Anyway, after these experiment I got a better feeling about where I should focus on to describe the differences, which I would like to summarize (for the Tori Amos track) as follows:

  • The velocity and timbre of the voice is sharper (for better encodings).
  • The transients of the harpsicord are better defined (for better encodings).
  • The decay and timbre of harpsicord is not interfered by the attack of new harpsicord notes (for better encodings).
  • The timbre of the harpsicord is 'thin' (for better encodings).
  • There is better seperation of the voice from the harpsicord (for better encodings).
  • There is better pace and rhythm, and less fuziness (for better encodings).
  • The timbre of the harpsicord is 'fat' (for worse encodings).
  • The overall sound is more 'granular' (for worse encodings).

Please remind that these observations are personal, and performed under less than ideal conditions for a scientifical justified conclusion (i.e., a double blind test), although I used the iPod or CD player shuffle function a lot to add a "fair amount" of blindness to the tests.

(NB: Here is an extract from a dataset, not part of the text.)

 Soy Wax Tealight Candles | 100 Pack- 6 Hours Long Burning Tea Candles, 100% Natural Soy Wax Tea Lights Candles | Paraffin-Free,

Especially in the beginning of my tests I guessed a couple of times wrong. This improved a lot over time, which means there is a learning effect. I still make a mistake so now and then, which might have to do with fatigue, because conducting and doing such a test intensively demands quite some energy.

My iTunes MP3 impressions

The 96 kbit/sec (file size 508KB for 42 seconds) is a joke. The artifacts are huge, as if the harpsicord is constantly pushed under water (heavy tremelo). This encoding is not useful for music.

The 128 kbit/sec (file size 676KB for 42 seconds) is also very bad. The artifacts are still huge, and the transients of the harpsicord very clearly interfere with the voice.

The 128 kbit/sec VBR (file size 760KB for 42 seconds) is a bit better, though still very fuzzy. Although the artifacts are still very very big, the transients of the harpsicord don't interfere with the voice that heavily anymore. For less demanding music, this encoding is on the edge of usable.

The 160 kbit/sec VBR contains still a significant amount of gurgling. Not useable.

The 192 kbit/sec VBR (file size 1MB for 42 seconds) is just acceptable. There are still artifact, which are especially obvious with background sounds (decay of harpsicord tones). The transients are still not convincing, the voice seems to be merged with the harpsicord. The tapping of the feet (on pedals) of Tori results in loud "bassy" plops (which cannot be heard in the AIFF file). The timbre of the harpsicord is "fat".

The 320 kbit/sec VBR (file size 1.6MB for 42 seconds) is quite acceptable, but still shows some artifact on the transients of the harpsicord, and loud plops due to tapping of the feet/pedals.

As you can guess, (iTunes) MP3 encodings are not my type of music. There is also a bug in the playback of MP3 files on the iPod. Hans Erik Hazelhorst informed me about severe gurgling in some situations (as clear from this piano sample). It only shows up using the iPod, not when played via iTunes on the computer. Another sample I've tried out from Tori Amos, Talula, even shows severe pops and clicks during playback on the iPod. This does not depend on the encoder, e.g. it happens both with LAME or iTunes. I've also tried the tracks on a 4G iPod, and these are artifact free!!! That basically means the old models iPod are badly supported for updates regarding decoding, which I think is a VERY bad thing. The AAC files are free of these severe artifacts. Even translating these MP3 files to AAC files make them more acceptable, even knowing a lot of quality is lost when encoding twice.

My LAME MP3 impressions

The 96 kbit/sec is very different from the iTunes one. Treble is filtered, making the artifects less prominent, though the whole sounds quite dull. Overall it sounds more acceptable than the iTunes MP3 version, though it still sounds bad overall.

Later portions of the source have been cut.